How does XLENERGY’s operating cash flow stack up against its debt?
XLENERGY has sustained its debt level by about ₹9.02B over the last 12 months – this includes both the current and long-term debt. At this constant level of debt, XLENERGY’s cash and short-term investments stands at ₹19.84M for investing into the business. Moving onto cash from operations, its trivial cash flows from operations make the cash-to-debt ratio less useful to us, though these low levels of cash means that operational efficiency is worth a look. For this article’s sake, I won’t be looking at this today, but you can examine some of XLENERGY’s operating efficiency ratios such as ROA here.
Can XLENERGY pay its short-term liabilities?
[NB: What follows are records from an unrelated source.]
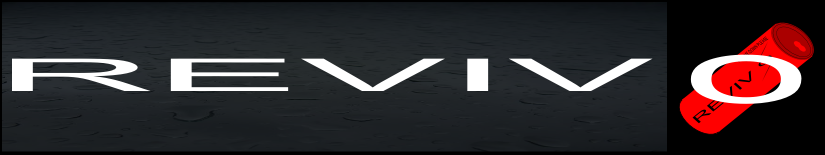 Logo Design by aurelian stanica for SmashBrand | Design #2814233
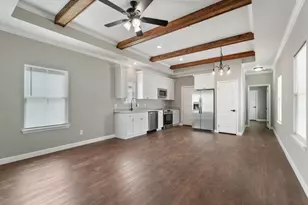 21500 Ruth Dr, New Caney, TX 77357 - Photo 4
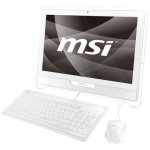 MSI Wind TOP AE2211-028CS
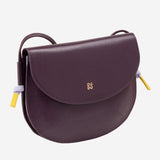 #colore_Deep purple, Deep purple, Deep purple, Purple-баклажан, Deep purple, Deep purple, Deep purple, Deep purple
Looking at XLENERGY’s most recent ₹8.95B liabilities, it seems that the business has not maintained a sufficient level of current assets to meet its obligations, with the current ratio last standing at 0.27x, which is below the prudent industry ratio of 3x.
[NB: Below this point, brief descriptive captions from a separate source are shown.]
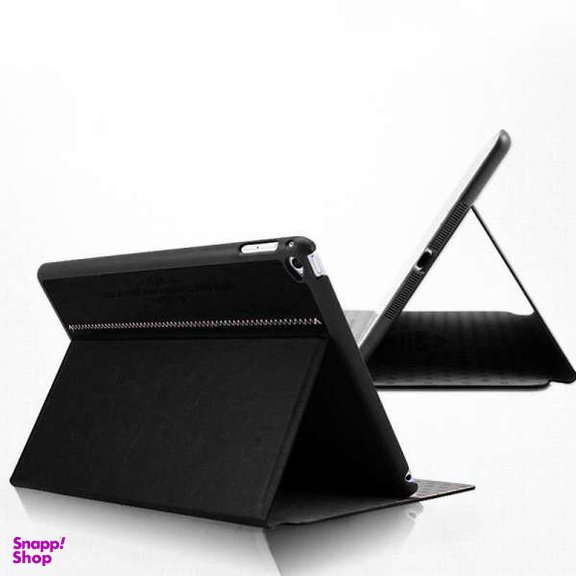 کیف کلاسوری کاکو مدل HM04 مناسب برای تبلت سامسونگ Galaxy Tab A 10.1 2019 / T515 به همراه محافظ صفحه نمایش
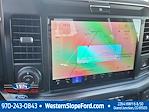 2025 Ford F-250 Crew Cab 4x4 Pickup for sale #39622 - photo 18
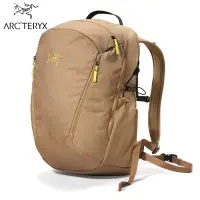 在飛比找蝦皮商城優惠-【Arcteryx 始祖鳥】Mantis 26L 多功能背包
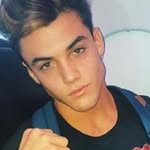 Sydney - @dolan_editz.sydney - Instagram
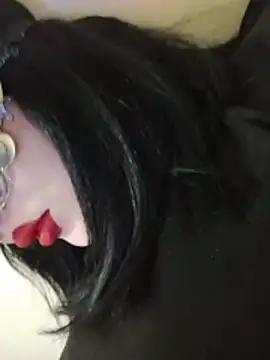 Quen_Rubyy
Is XLENERGY’s debt level acceptable?
With total debt exceeding equities, XLENERGY is considered a highly levered company. This is not unusual for small-caps as debt tends to be a cheaper and faster source of funding for some businesses. Though, since XLENERGY is currently unprofitable, there’s a question of sustainability of its current operations. Running high debt, while not yet making money, can be risky in unexpected downturns as liquidity may dry up, making it hard to operate.
XLENERGY’s high debt levels is not met with high cash flow coverage. This leaves room for improvement in terms of debt management and operational efficiency. In addition to this, its lack of liquidity raises questions over current asset management practices for the small-cap. Keep in mind I haven’t considered other factors such as how XLENERGY has been performing in the past. I suggest you continue to research XL Energy to get a more holistic view of the stock by looking at:
- Historical Performance: What has XLENERGY’s returns been like over the past? Go into more detail in the past track record analysis and take a look at the free visual representations of our analysis for more clarity.
- Other High-Performing Stocks: Are there other stocks that provide better prospects with proven track records? Explore our free list of these great stocks here.
To help readers see pass the short term volatility of the financial market, we aim to bring you a long-term focused research analysis purely driven by fundamental data. Note that our analysis does not factor in the latest price sensitive company announcements.
The author is an independent contributor and at the time of publication had no position in the stocks mentioned.